The relentless string of flops, disappointments, shocks, and hurdles would then have to be understood as being part of an even larger randomness, and that I have not given it sufficient time or space to even out. Or maybe, and it is quite possible, this rough patch (if it ever ends) is actually a long overdue 'correction' for all the 'miracles' that have happened before.
So, being a recipient of good fortune in the past comes back to bite as well. Shit!
One way is to not look at the 'fruits of labour' at all, and transform the optimism miracle-belief into a total surrender to its will. Vaishnavism is so damn tempting, just that it would involve Iyengars!
The other option would be to abandon optimism, and endure the great levelling with a Hobbesian resignation. I might be getting it wrong here, but I have a strong suspicion that this quasi-essentialist argument would combine with some amount of reasonable self-pity to drive me to eventually clamor for theothernilu's proposed Bastard Quota. That is way too off my taste, even in the worst of times.
For a self-proclaimed optimist, I do seem to be able to only divine rather nasty options for myself. Could just be the sign of the times. Or probably I just need to go get a life!
PS: Now wait! I might be getting the entire premise wrong. What if there is no 'great levelling'? What if the randomness is not Gaussian, yet not chaotically so, but exhibits a stable Paretian trend? Hmm... I think I need to think about that. Maybe optimism is not that bad after all. Now how do I go about measuring these things?
Tuesday, May 13, 2008
We feed crows every morning, and every time I have set up to take pictures of them eating hot rice like good brahmin ancestors, they never turned up. Too smart to be seen on camera I suppose.
Thursday, May 08, 2008
Priya Venkatesan has become the latest, and best ever to have scuttled another Mrs Pandey draft post.

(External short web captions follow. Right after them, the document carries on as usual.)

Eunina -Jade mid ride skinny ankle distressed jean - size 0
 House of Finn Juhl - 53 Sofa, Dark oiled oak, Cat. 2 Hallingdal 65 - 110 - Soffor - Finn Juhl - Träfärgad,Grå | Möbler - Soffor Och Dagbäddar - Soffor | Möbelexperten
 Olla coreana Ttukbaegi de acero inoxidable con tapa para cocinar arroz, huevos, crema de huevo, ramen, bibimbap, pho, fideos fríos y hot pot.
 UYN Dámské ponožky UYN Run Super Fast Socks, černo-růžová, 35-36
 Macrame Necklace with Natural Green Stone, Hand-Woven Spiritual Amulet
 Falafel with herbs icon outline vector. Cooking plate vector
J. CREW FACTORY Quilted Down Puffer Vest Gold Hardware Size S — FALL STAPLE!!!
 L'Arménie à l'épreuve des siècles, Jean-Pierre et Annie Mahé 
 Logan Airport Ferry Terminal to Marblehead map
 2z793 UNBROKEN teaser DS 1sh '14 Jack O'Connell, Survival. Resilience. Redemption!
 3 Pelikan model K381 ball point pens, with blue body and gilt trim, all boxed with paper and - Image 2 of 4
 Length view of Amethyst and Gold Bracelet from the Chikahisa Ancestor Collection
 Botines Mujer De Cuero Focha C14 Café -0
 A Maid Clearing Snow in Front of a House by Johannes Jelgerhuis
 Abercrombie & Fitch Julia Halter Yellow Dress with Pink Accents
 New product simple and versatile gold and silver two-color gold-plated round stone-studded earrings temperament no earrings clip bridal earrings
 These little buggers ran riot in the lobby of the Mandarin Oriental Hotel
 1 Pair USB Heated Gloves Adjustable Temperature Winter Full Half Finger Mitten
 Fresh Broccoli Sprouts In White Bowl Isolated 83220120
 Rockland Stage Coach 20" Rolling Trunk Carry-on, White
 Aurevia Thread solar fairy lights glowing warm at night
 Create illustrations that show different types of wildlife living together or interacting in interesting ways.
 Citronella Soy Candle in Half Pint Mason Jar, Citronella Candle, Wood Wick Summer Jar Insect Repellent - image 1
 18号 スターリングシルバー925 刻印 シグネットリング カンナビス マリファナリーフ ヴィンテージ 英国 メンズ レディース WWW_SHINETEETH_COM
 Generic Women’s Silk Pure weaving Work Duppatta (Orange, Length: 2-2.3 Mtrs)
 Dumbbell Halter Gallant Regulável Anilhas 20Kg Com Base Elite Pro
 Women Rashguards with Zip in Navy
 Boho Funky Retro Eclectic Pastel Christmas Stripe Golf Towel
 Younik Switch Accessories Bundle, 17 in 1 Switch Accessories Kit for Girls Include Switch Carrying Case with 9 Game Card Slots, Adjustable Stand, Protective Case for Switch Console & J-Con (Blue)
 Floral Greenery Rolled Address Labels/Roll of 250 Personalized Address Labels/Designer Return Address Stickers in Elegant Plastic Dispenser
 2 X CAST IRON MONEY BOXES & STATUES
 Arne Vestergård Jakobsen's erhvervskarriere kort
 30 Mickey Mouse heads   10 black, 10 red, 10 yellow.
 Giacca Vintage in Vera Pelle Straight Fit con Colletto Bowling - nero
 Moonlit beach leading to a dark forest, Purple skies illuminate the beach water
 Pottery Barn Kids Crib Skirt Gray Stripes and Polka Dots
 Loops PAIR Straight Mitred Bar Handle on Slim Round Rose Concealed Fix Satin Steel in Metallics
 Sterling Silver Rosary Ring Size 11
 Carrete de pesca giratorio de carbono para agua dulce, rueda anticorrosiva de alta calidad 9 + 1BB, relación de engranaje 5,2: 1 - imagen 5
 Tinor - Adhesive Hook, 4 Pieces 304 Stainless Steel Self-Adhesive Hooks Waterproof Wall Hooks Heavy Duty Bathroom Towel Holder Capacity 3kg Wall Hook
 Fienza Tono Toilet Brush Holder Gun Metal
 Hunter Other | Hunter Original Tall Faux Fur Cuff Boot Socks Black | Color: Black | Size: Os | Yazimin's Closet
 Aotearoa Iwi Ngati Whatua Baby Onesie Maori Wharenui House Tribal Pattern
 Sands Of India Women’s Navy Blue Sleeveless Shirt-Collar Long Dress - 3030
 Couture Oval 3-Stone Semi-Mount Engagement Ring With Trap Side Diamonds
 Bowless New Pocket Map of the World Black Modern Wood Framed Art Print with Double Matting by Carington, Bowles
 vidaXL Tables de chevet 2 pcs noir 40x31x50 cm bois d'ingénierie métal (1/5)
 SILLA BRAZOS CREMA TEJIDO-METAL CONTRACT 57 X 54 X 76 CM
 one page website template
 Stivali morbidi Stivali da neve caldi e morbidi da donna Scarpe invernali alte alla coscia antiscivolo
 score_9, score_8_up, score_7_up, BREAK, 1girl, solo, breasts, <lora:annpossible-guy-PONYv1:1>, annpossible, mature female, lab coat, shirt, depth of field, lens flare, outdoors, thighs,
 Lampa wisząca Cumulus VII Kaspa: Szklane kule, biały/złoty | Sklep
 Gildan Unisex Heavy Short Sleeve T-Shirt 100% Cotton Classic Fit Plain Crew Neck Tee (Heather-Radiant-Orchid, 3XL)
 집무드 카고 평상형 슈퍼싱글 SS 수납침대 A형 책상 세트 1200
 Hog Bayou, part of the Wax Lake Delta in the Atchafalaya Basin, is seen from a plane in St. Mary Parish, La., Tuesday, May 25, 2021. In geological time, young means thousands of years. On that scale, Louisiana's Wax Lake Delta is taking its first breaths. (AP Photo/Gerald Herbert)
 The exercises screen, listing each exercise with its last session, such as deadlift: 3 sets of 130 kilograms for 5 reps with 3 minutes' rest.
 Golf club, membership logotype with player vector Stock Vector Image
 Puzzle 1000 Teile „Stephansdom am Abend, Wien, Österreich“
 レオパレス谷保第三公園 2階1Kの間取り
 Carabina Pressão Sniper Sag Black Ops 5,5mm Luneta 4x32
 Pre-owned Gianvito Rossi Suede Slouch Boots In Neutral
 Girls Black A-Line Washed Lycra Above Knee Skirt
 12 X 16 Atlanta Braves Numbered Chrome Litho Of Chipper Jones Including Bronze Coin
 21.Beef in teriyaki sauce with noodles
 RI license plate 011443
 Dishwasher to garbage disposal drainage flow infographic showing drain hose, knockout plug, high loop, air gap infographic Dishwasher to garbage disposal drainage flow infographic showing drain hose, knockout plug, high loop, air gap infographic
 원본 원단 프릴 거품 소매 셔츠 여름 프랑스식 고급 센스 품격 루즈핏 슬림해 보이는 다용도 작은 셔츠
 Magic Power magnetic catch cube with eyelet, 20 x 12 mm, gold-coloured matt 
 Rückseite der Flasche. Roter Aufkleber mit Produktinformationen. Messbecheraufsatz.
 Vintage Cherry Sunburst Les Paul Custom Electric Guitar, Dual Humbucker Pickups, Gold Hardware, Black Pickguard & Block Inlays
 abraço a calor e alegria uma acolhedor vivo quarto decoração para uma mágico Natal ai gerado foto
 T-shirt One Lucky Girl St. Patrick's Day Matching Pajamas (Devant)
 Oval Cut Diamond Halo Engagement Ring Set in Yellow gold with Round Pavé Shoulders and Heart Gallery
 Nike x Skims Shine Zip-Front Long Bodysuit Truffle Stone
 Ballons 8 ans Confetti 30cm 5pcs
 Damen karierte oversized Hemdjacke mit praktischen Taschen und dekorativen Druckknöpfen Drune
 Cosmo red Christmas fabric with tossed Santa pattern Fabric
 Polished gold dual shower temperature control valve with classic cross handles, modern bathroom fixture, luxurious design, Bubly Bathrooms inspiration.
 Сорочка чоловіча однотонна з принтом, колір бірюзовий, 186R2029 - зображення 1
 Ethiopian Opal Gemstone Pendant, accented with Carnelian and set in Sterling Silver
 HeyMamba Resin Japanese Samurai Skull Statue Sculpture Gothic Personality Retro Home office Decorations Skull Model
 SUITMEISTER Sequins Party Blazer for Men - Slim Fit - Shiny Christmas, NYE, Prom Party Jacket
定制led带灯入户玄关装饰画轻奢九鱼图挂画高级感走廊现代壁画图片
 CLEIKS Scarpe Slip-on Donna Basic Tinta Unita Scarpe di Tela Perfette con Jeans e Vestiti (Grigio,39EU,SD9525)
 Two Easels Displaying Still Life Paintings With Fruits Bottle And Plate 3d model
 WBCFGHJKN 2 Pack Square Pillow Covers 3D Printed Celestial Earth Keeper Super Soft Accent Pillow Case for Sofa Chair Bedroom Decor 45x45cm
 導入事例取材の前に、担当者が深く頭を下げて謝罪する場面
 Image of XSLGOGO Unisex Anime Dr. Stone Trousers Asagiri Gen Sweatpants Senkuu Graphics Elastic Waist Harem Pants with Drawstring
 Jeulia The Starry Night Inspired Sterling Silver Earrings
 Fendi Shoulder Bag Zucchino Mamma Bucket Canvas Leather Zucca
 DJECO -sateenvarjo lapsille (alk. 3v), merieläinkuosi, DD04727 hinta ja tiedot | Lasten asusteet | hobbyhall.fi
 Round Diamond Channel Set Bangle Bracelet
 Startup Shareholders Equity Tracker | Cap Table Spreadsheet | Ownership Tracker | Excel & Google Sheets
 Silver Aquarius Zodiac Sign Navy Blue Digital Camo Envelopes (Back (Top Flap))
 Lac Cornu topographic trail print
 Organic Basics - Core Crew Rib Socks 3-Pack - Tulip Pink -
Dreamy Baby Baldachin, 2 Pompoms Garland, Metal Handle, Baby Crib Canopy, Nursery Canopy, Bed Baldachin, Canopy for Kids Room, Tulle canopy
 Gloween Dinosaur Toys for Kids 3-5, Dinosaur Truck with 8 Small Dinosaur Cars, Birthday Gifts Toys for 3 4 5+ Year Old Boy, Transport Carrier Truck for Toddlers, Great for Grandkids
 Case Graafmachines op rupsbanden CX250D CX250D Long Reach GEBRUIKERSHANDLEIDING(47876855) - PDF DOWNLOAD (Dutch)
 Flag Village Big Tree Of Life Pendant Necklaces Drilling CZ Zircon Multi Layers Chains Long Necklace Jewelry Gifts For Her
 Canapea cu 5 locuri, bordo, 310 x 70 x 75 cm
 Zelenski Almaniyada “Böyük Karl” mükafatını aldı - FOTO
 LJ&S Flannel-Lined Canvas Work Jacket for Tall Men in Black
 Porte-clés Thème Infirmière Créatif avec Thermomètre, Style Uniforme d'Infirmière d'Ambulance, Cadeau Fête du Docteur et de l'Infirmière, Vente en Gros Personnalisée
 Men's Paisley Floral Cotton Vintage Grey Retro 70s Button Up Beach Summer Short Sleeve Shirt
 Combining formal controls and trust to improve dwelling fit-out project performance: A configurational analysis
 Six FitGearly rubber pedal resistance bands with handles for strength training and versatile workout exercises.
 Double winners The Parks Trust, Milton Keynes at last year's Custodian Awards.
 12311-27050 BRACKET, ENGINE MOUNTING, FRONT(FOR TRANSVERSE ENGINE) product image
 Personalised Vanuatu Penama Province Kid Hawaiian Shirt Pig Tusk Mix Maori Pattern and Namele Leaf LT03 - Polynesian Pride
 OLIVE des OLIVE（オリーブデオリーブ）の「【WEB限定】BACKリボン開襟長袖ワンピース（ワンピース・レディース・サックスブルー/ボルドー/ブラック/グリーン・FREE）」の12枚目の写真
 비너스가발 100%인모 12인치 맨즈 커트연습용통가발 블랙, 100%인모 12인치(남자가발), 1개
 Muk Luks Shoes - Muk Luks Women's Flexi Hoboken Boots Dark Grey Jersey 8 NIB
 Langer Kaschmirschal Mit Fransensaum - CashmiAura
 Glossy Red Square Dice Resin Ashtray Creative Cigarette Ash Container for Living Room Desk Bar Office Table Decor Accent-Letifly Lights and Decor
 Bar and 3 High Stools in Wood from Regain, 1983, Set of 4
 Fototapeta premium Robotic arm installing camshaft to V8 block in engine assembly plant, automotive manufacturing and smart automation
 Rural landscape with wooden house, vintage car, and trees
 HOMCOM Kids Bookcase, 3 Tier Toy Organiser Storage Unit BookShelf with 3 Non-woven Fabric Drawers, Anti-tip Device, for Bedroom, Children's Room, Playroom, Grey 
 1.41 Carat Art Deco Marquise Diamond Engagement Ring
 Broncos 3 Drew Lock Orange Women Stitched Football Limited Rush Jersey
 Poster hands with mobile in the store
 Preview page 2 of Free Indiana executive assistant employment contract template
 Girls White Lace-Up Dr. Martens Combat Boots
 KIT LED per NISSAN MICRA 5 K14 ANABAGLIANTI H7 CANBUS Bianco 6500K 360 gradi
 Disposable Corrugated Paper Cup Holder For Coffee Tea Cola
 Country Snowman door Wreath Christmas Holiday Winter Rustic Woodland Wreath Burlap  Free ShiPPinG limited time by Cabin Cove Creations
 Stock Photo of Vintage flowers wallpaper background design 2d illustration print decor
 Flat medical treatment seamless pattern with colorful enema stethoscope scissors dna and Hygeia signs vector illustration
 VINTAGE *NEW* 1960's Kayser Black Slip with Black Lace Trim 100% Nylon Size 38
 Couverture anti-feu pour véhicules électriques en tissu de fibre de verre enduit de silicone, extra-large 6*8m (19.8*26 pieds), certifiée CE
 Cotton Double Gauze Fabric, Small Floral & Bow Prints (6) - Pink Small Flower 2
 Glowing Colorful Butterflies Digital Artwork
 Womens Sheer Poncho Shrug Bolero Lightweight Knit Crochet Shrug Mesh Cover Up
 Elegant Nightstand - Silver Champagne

In fact she has absolutely rattled the poor old woman.
Chennai Super Kings are alright, but so far my favourite player has been Piyush Chawla.
I have been out in the sun (briefly) and it is not as hot as it could be. The evenings are splendid.
In three years time when the global film industry goes through another lull, I have an idea that could potentially rake in millions (no, not just betting on it to go through the said slump). BTW for those of you still interested, some of the latest FICCI figures for the Indian E&M industry do not add up, or are terrible typos, or both.
Since I am not into substance abuse, please tell me how else I could give my wit and spirit a 'shot-in-the-arm' that would last a few weeks at-least. I badly need it. Please do not suggest a holiday as I cannot immediately afford one. So whatever you suggest should be feasible within my current work schedule. Thanks.